2. The method according to claim 1, wherein, The n bands are selected based on the determinant of the partial band similarity matrix of some bands among the N bands.
3. The method according to claim 1, wherein, The similarity between each band is determined based on the corresponding weight vector in the weight matrix of the first two-dimensional convolutional layer.
4. The method according to claim 3, wherein, The similarity between each band is determined based on the Euclidean or cosine distance between the corresponding weight vectors.
5. The method according to claim 1, wherein selecting n bands from the N bands based at least on the similarity matrix of the first band set comprises: Based on the similarity matrix of the first band set and the importance coefficient of each band in the N bands, the n bands are selected from the N bands.

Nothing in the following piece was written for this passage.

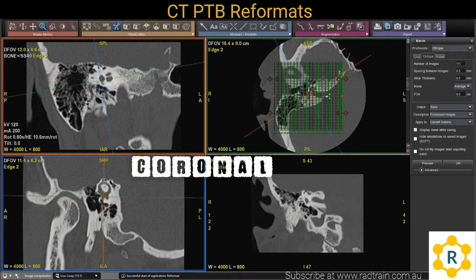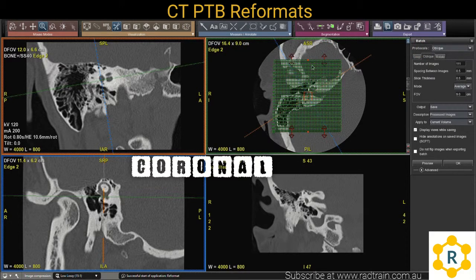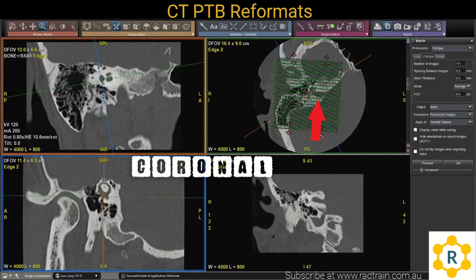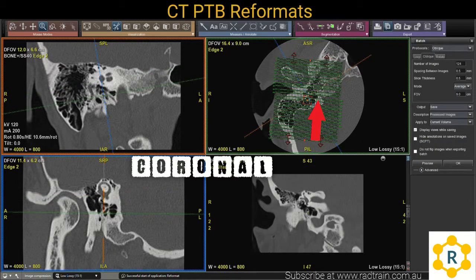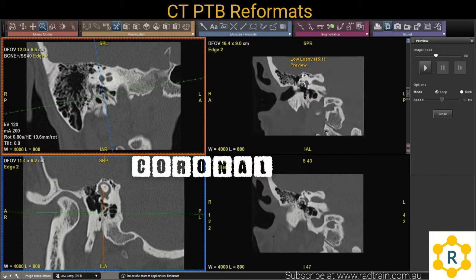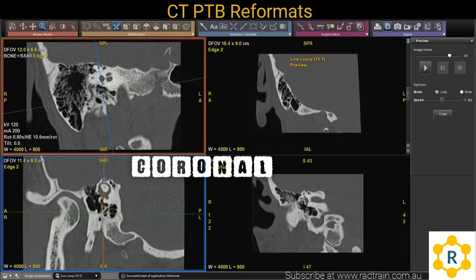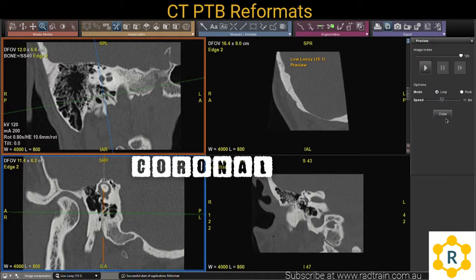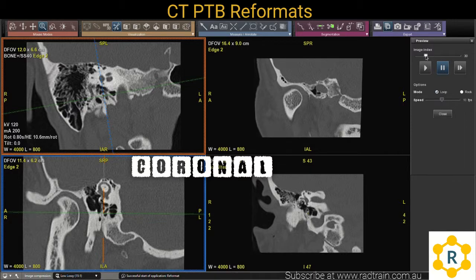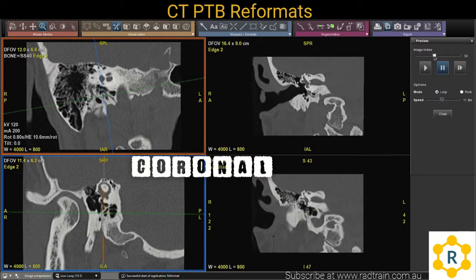The coronal plane is usually 90 degrees to the axial, but I usually angle to the IAM, which you can see on the axial plane there, and again try to get all the mastoid air cells on. This should give you a good view of all the semicircular canals and the cochlea as well.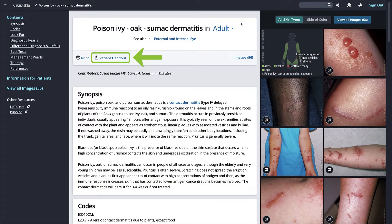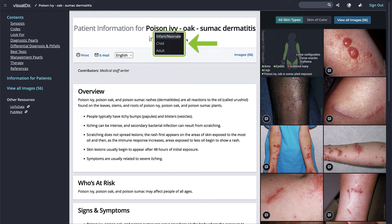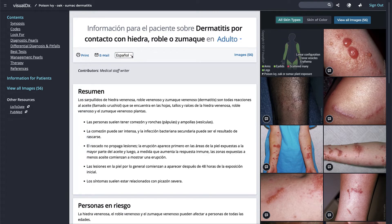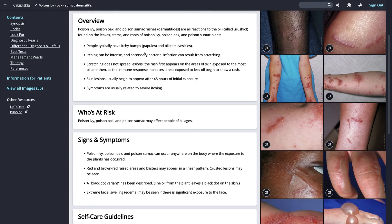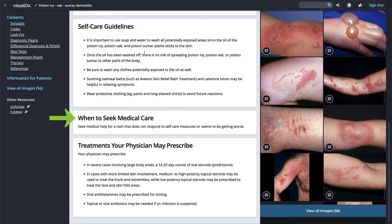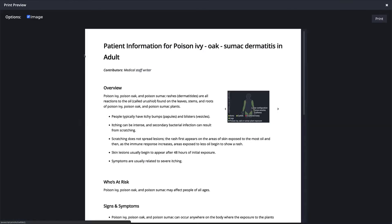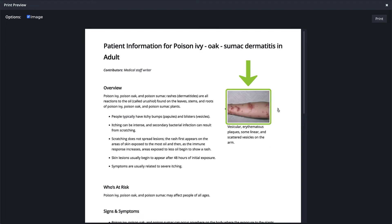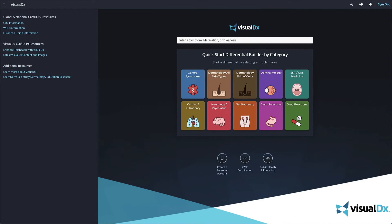VisualDX also provides handouts for common and important diagnoses. Click 'Patient Handout' underneath the diagnosis title, or click 'Information for Patients' on the left navigation menu. Choose to provide a handout for an infant, neonate, child, or adult with the diagnosis. Select the language in which your patient would prefer the handout — the text is written so that patients will find it easy to read and understand. The handout includes a quick overview, who's at risk, signs and symptoms, self-care guidelines, when to seek medical care, and treatments you may prescribe. You can print or email the handout, and choose to include an image that best matches your patient.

6. The method according to claim 5, wherein, The importance coefficient of the corresponding band is determined by calculating the Lp norm of the weight vector in the weight matrix of the first two-dimensional convolutional layer; and p≥1。 7. The method according to claim 5, wherein, The n bands are selected based on the weighted sum of the importance coefficients of some bands among the N bands and the logarithm of the determinant of the partial band similarity matrix of the partial bands.
8. A method for generating a spectral image processing model, characterized in that, include: The second band set is determined by using the method of any one of claims 1 to 7; and The spectral image processing model is generated by training the second type of object, which contains the spectral response corresponding to the second band set, using the second type of object.
9. The method according to claim 8, wherein, The number of bands in the second band set is gradually reduced to a target value by iteratively performing a combination of operations to determine the second band set and train the second spectral image processing model, and the spectral image processing model for the band set with a number of bands equal to the target value is generated.
10. An apparatus for selecting a wavelength band for spectral image processing, characterized in that, include: A memory that stores instructions; as well as At least one processor, the at least one processor being capable of communicating with the memory to execute the instructions fetched from the memory, and the instructions causing the at least one processor to: Based on the weight matrix of the first two-dimensional convolutional layer of the first spectral image processing model trained using a first class of objects containing spectral responses corresponding to the first band set of N bands as training samples, a first band set similarity matrix is generated to characterize the similarity between the bands in the N bands. as well as At least based on the first band set similarity matrix, n bands are selected from the N bands as a second band set associated with the second spectral image processing model; Where N>n; and The second spectral image processing model is configured to perform spectral image processing on a second type of object that contains spectral responses corresponding to the second band set.